With her friend Mia Fonssagrives, the daughter of Lisa Fonssagrives and stepdaughter of photographer Irving Penn, she set out to become a designer. But when the two got to Paris, they decided not to work in a couture house. "We were picked up by a producer in a nightclub and became costume designers on films in Europe."
Opens Fashion House
Meanwhile, Tiel married American Ron Berkeley, who was makeup man for Richard Burton and Elizabeth Taylor. In 1971, Tiel says Taylor put up $40,000 to back a boutique called Mia and Vicky. But Mia "left to marry a millionaire," Tiel says, and Tiel went on to open her own fashion house.

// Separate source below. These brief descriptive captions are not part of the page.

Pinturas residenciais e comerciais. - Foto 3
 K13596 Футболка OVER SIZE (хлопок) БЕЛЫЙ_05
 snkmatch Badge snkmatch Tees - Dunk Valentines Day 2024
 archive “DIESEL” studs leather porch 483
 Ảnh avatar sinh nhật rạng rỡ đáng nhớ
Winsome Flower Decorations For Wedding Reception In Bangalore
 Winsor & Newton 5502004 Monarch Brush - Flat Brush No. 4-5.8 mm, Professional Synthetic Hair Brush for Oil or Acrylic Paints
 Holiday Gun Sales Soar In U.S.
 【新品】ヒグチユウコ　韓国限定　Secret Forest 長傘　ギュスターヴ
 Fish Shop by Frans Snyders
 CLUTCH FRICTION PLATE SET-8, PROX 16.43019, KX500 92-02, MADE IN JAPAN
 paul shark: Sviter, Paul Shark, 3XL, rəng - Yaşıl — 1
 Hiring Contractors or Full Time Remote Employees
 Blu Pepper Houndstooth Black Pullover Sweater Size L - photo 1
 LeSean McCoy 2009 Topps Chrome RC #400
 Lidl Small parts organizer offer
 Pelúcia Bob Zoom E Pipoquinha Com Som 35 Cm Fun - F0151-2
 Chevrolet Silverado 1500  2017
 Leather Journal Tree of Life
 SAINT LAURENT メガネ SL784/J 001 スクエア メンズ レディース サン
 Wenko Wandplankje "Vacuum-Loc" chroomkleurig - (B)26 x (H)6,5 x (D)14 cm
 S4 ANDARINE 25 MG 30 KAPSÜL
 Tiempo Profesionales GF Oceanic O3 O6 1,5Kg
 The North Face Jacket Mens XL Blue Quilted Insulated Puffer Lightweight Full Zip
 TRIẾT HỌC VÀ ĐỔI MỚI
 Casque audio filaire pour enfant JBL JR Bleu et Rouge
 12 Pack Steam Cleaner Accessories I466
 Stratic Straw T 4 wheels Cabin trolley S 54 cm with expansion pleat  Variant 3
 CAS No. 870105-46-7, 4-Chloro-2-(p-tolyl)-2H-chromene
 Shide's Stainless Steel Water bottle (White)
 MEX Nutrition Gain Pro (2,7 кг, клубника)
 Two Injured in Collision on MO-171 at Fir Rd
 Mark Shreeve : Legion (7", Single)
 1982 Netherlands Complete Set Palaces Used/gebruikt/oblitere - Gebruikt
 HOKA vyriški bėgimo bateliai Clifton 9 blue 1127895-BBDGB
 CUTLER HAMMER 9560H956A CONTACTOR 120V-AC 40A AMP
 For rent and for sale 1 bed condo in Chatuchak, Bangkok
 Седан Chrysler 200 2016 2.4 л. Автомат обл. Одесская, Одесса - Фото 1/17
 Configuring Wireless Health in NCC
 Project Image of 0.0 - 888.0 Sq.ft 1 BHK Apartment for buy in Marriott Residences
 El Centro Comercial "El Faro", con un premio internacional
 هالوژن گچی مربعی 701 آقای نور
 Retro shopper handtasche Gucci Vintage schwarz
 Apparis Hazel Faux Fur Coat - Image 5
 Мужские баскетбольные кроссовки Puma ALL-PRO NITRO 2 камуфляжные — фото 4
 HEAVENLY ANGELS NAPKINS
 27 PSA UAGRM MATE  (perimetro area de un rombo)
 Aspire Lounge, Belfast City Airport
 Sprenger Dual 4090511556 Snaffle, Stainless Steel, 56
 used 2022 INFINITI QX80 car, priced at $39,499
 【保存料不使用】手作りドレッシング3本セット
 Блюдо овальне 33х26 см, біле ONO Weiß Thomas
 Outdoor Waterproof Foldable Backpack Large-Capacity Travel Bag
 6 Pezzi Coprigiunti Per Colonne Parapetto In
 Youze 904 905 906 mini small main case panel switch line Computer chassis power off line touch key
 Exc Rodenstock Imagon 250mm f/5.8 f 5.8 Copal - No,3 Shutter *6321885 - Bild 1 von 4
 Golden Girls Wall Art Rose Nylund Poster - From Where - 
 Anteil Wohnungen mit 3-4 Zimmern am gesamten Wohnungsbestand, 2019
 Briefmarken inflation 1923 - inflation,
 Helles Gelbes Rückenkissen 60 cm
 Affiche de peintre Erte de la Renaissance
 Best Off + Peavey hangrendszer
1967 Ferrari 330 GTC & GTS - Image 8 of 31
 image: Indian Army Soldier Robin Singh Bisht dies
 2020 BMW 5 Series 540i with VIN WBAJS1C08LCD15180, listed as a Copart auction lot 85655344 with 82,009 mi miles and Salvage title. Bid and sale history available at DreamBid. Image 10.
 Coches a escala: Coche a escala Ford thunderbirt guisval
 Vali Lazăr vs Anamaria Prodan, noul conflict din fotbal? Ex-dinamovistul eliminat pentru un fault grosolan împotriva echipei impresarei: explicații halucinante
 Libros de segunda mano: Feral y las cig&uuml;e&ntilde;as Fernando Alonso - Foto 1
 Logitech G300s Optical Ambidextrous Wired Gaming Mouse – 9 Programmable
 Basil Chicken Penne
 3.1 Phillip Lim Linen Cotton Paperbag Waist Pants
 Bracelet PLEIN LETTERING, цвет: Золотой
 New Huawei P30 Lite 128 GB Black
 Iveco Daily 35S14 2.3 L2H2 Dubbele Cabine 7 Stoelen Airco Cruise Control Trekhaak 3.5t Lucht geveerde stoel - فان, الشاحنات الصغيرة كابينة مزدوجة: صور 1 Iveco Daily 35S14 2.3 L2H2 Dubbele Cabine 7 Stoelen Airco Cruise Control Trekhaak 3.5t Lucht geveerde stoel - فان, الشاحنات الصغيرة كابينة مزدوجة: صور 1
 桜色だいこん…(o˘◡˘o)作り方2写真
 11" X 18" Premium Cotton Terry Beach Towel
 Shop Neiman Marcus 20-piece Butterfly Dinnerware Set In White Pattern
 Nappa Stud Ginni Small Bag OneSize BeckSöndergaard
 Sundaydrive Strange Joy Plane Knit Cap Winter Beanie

Her customer list today runs the gamut of Hollywood stars, including Taylor and "best friends" Shirlee Fonda, Suzanne Pleshette and Hawn.
Tiel, who carries her customers' measurements around with her in a book, bemoans the fact that many of them have taken to jogging and weightlifting. She maintains that such forms of exercise make their skin tough and add inches rather than subtracting them. After having two children, Tiel worked her own body back into shape by swimming, and she is convinced that it is the only way.
"The desirability of women through history has been to have a soft body," she says, "not to be like a boy."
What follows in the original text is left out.